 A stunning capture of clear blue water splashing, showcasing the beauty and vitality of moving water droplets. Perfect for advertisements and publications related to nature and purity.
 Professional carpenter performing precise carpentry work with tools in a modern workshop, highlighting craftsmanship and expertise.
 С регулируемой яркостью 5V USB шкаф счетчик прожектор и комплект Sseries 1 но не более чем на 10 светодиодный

EXERCISE: The material above needs to be copied out in full, exactly as given.

RESPONSE TO THE EXERCISE:
 A stunning capture of clear blue water splashing, showcasing the beauty and vitality of moving water droplets. Perfect for advertisements and publications related to nature and purity.
 Professional carpenter performing precise carpentry work with tools in a modern workshop, highlighting craftsmanship and expertise.
 С регулируемой яркостью 5V USB шкаф счетчик прожектор и комплект Sseries 1 но не более чем на 10 светодиодный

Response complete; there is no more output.